One of the biggest financial outlays we are likely to face during our lives is a home mortgage. Paying back several hundred thousand pounds, of course, takes time. Recent statistics, however, show that as many as 1 in 6 of us will still be paying off our mortgage by the time we turn 65.
If we take a closer look, however, the statistics reveal an even more alarming trend. We’re much more likely to take our mortgage debt into our retirement years than generations that have gone before.
While younger, first time home buyers are mostly optimistic about paying off their sizeable mortgages by the time they finish work, the FCA says that this may be misplaced confidence on their part.
· Nearly 40% of people who bought their first property with a mortgage in 2017 are likely to be paying it off after the age of 65.
· Even among homeowners over the age of 55, about a quarter know that they will still be paying their mortgage into their seventies.
· Some don’t believe (12%) that they will get to the state where they have fully paid back their mortgage completely before they die.

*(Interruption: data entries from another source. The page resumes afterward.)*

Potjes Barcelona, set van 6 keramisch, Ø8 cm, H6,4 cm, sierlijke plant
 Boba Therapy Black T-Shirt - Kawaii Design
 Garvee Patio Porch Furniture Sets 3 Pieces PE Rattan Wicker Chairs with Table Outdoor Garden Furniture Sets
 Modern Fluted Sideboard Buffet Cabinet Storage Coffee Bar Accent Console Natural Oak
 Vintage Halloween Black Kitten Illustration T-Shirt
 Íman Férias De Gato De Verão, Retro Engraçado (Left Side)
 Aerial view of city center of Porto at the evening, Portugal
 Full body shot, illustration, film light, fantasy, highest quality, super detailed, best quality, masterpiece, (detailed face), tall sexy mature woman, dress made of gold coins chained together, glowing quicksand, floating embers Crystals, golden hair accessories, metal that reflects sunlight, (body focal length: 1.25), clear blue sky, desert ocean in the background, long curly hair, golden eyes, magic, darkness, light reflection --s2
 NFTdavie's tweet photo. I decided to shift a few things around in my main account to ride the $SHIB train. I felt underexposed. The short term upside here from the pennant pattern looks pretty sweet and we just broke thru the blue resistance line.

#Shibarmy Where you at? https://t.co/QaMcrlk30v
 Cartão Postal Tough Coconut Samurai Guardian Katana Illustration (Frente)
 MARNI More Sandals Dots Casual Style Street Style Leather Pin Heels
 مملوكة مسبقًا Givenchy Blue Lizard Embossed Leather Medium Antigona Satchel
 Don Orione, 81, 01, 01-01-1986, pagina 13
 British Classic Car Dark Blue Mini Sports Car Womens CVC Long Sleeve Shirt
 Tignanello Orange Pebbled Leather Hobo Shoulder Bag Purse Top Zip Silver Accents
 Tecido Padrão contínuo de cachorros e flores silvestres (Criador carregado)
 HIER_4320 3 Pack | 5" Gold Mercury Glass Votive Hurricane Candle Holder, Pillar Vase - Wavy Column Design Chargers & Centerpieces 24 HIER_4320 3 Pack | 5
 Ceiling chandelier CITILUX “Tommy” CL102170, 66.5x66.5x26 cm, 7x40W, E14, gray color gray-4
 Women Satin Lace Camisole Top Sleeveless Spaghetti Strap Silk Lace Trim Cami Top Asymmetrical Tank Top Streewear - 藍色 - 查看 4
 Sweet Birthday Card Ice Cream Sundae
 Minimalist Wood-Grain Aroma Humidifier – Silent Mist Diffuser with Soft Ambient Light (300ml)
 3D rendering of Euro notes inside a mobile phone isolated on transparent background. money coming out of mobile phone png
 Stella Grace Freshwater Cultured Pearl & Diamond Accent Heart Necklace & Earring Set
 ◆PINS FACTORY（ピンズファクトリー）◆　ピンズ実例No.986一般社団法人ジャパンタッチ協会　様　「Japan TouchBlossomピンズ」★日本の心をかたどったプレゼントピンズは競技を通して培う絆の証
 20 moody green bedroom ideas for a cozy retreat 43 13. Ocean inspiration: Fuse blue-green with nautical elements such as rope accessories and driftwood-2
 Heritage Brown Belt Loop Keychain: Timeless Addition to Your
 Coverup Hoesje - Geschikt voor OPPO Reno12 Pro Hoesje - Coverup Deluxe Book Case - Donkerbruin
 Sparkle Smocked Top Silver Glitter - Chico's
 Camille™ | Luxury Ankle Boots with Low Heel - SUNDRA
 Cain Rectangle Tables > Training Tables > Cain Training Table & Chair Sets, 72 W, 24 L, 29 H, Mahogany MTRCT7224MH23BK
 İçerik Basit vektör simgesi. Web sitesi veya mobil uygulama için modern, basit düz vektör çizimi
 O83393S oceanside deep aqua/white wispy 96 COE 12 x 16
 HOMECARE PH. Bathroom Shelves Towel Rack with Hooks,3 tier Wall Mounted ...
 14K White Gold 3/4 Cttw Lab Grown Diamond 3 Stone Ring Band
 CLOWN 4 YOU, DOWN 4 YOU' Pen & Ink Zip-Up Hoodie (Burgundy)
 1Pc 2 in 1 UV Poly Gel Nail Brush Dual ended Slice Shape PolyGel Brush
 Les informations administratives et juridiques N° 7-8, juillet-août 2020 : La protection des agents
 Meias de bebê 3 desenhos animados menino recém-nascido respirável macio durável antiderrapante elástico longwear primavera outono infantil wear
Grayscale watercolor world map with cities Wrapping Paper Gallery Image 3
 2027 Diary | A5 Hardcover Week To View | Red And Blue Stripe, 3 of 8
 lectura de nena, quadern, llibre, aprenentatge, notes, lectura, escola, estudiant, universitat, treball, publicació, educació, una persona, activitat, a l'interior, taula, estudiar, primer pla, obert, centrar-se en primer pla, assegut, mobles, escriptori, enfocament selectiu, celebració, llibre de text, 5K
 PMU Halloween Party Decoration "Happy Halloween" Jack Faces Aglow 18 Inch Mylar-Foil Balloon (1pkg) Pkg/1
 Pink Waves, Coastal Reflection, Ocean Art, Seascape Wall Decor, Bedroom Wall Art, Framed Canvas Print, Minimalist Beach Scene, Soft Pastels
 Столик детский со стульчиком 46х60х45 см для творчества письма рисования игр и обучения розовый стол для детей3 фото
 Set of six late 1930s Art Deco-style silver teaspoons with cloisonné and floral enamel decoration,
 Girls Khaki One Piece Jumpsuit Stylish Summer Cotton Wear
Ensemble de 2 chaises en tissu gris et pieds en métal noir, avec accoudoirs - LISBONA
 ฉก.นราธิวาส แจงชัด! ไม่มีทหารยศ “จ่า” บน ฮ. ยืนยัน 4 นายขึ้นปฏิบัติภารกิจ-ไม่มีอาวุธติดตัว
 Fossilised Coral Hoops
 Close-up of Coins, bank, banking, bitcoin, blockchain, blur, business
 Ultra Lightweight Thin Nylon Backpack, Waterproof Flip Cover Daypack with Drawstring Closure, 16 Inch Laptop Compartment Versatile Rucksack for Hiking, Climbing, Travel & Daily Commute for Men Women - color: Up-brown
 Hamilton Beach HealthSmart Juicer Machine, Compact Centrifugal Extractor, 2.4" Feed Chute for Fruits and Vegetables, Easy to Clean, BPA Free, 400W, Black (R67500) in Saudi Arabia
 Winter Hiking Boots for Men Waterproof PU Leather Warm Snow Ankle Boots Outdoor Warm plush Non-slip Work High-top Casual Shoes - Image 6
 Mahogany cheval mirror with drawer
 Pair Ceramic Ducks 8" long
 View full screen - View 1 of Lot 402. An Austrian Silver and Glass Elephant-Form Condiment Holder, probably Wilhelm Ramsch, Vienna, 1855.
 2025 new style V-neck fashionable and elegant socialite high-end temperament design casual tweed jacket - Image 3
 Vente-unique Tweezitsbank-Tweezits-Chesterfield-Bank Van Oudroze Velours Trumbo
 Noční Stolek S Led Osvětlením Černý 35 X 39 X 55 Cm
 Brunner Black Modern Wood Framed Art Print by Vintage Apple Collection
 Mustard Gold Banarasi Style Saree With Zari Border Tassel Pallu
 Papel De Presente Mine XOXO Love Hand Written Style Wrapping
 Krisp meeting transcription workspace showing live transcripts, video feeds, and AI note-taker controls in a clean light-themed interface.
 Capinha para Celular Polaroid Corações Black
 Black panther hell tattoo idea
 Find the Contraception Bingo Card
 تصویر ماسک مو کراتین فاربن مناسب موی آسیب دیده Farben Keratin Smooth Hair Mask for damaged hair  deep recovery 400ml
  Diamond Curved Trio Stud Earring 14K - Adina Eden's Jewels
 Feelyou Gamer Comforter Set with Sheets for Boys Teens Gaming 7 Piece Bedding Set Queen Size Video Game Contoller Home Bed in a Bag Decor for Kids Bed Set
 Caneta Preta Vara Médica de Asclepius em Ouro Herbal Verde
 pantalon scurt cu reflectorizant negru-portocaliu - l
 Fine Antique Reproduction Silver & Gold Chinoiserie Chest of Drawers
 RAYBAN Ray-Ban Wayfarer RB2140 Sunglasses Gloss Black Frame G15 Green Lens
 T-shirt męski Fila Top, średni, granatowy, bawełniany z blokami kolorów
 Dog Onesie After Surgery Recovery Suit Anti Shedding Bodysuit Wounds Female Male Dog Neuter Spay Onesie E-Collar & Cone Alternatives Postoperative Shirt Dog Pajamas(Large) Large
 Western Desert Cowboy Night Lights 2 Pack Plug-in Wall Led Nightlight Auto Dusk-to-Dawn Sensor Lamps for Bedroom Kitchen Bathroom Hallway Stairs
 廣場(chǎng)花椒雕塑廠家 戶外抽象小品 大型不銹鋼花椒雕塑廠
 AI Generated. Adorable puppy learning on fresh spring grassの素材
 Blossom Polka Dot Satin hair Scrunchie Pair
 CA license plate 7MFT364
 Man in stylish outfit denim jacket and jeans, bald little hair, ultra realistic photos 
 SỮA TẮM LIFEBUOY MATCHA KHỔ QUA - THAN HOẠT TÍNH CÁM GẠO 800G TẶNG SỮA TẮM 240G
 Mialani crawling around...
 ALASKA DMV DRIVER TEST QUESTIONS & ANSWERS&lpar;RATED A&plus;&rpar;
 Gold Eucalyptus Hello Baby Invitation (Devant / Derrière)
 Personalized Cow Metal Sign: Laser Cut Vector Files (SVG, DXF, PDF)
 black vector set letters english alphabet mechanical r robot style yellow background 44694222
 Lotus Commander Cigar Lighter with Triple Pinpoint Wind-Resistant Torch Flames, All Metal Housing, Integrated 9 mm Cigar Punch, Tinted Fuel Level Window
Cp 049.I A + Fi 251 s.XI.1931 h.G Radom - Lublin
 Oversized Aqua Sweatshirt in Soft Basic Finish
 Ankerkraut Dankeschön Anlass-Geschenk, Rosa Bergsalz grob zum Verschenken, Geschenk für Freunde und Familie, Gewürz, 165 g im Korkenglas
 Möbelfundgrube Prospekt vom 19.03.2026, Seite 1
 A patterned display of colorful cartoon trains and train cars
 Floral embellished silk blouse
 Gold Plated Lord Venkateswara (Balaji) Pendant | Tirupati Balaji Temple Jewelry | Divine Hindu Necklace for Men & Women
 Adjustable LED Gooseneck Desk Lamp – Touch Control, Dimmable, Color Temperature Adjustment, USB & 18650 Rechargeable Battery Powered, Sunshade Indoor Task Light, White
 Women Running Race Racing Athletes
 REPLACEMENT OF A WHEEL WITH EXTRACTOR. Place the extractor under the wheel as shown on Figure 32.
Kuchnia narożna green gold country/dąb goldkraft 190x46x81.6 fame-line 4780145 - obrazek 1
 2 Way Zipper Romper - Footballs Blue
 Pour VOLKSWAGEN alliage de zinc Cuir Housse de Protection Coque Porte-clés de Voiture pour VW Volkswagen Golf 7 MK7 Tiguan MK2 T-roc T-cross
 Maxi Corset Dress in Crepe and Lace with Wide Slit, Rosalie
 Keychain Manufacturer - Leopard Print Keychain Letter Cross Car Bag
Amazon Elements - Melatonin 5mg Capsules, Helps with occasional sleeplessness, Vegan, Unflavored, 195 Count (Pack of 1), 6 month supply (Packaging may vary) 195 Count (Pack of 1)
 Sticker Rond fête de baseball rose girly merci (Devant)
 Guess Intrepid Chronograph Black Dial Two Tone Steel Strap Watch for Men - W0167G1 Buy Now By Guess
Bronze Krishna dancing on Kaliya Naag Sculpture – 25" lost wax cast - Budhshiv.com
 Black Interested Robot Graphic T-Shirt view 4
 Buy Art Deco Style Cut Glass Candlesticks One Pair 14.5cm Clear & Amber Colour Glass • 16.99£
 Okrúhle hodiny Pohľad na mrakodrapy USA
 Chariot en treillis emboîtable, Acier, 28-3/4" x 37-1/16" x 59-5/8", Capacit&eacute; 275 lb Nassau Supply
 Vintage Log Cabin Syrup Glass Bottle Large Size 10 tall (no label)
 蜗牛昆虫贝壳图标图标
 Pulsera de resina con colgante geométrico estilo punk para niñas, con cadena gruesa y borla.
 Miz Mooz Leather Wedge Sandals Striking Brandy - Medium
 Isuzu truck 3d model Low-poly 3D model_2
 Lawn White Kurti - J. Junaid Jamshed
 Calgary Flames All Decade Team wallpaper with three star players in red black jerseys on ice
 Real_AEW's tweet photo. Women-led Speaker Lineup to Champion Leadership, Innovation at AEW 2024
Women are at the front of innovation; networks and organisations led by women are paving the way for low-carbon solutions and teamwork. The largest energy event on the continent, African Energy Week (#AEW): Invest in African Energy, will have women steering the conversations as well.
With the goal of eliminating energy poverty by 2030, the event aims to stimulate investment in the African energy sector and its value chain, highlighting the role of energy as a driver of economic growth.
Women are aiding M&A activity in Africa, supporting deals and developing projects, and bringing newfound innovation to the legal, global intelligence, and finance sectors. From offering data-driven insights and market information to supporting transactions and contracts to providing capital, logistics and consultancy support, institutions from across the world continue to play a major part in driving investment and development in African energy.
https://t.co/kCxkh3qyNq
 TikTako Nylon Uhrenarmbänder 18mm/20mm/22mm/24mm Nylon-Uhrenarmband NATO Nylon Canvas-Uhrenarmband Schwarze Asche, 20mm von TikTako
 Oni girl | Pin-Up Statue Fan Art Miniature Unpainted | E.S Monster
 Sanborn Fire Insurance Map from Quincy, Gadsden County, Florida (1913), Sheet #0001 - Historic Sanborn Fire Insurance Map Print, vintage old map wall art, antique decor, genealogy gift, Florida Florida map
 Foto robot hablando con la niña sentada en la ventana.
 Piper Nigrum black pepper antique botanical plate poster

Why is it Harder to Pay Back Your Mortgage Now?
There are a couple of reasons for this. The first, of course, is the disparity between the rise of house prices and earnings. At the start of the 70s, the average house price was around £5,000. Prices then began to shoot up in the 1980s after right to buy was introduced. Even then the average price was just under £40,000. Today, the average price of a house in the UK is £235,000. In areas like London, it’s £472,000.
The other factor that is affecting whether people are going to be able to pay off their mortgage before retirement is when we are choosing to buy. We’re becoming homeowners much later in life than before. That’s also down to several reasons. The first is that as a population we’re becoming more professional and many of us are in education longer. Saving for a large deposit also means that many potential homeowners have to wait until they have got this together before they can buy. This generally means that we are borrowing more, much later in life and for longer periods.
Other factors can also influence our attempts to pay back our mortgage: starting over after a divorce; dipping into equity in the house to help children or even ending up owing more than the house is currently worth for various reasons.
Should You Be Worried About Paying Off Your Mortgage?
Some people may feel that having their mortgage extend beyond 65 is nothing to worry about, but it could present issues for others. What happens if your pension doesn’t cover the mortgage payments? What happens if you become sick in later life and can’t work? There are several solutions to these potential issues, such as: repaying more while you can, switching to a retirement interest-only mortgage or even paying it off using your pension lump sum. These options might not be suitable for everyone, so it is important to seek professional advice if you are worried that your mortgage is not likely to be paid off before you retire.